Column jonas-welander

Published on July 2nd, 2012 | by Jonas Velander


What is cleantech and why is it important?

Most people agree that it’s important not to disturb the environment they live in to the extent that their own lives become clearly affected. Increasingly, as the expected results of our trial and error approach to nature and a growing population, people are seeing more of these manmade environmental effects in their daily lives and from news reports from all over the globe. People are even starting to extrapolate and ask themselves what life will be like when these effects pile up. The usual doomsday prophets are obviously present but what affects people more is probably the sense that they might have to fundamentally change the way they live at some point in the future. Hence, it’s starting to make sense to be environmentally cautious, as long as that in itself doesn’t imply major changes in daily life.

This poses each of us with a fundamental dilemma: How can we in a globalised world,with minimum impact on our own lives, avoid negative effects on the environment that are relevant to us so that we don’t have to change our lives dramatically in the future.
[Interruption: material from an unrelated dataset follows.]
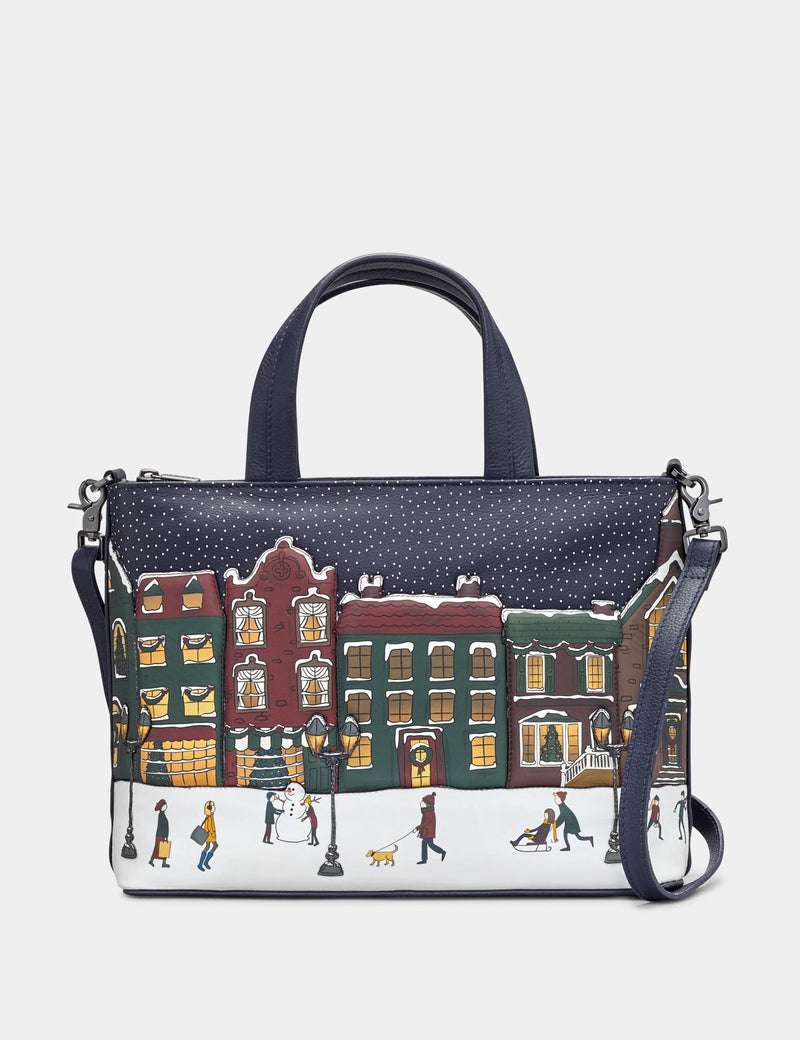 Yoshi Magic Of Winter Multiway Grab Bag - Navy - Lucks of Louth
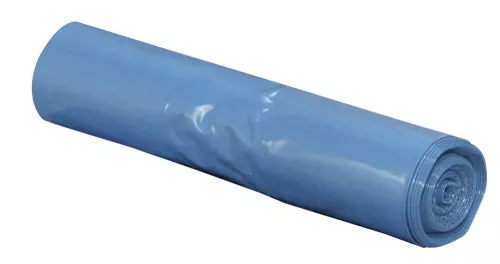 Sopsäck 350L blå/svart LD Coex 1050x1450 mm – extra stark avfallssäck för grovsopor och industriell användning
Cleantech (greentech, environmental technologies and the rest of green-clean-environment-technologies combinations) is often hailed as the solution to this dilemma. If we just invent the right technologies we can all go on doing what ever we are doing and the current negative environmental impact of our daily activities will simply disappear. We will not be on the brink of extinction, forced to choose between dramatic change or death.

But this is not what cleantech meant from the beginning. The term was originally coined to describe investment opportunities attempting to capitalise on the changes in the business landscape that follow environmental problems and growing environmental awareness.

Combing these two meanings results in an attractive prospect of inventions that will save us from being forced to fundamentally change the way we organise our lives while making good ROIs for investors. If the term cleantech is to have any relevance these two perspectives should be at the core of its meaning.

What is puzzling is that the EU, amongst others, use a definition of cleantech that more or less means technologies that are better for the environment than the technologies dominating the market today. This includes sustainable technologies like solar energy or green chemistry but also clearly unsustainable solutions like more efficient use of fossil fuels or nuclear power. For sure, they all do some good at the end of the day, but they are not sustainable in the long term and will just prolong our deeply rooted habits for another cup of unsustainability.

Is a widely used definition of cleantech including both sustainable and unsustainable solutions a problem? The answer is yes, and the reason is that these definitions are used to allocate vast amounts of public and private resources, lined up in national cleantech strategies, corporate R&D funding and cleantech equity funds. If resources are allocated according to a definition that doesn’t match our fundamental dilemma we are wasting them. At best, this definition implies kicking the can along the road and at worst transferring a negative environmental impact from one area to another. For example, lowering the fuel consumption in a car by 50% might sound like cleantech, but with the expected doubling in the amount of cars over the next 25 years the total consumption will still be the same.

If we are to have a go at resolving our fundamental dilemmas we need to define cleantech as something along the lines of “commercial solutions with significant impact on the transformation towards a sustainable society.” The solutions we need for the future are commercial because otherwise they will not attract the right kind of investments and will not be used widely enough to have an impact. And they need to be sustainable rather than somewhat less harmful or their positive impact will not be as high as it could have been.

It is not very hard or costly to assess whether a technology is sustainable or not. The tools are there for anyone to use. What is costly is to spend the limited resources we have on this planet on non-sustainable solutions branded as cleantech and hope that this will do the trick. It won’t.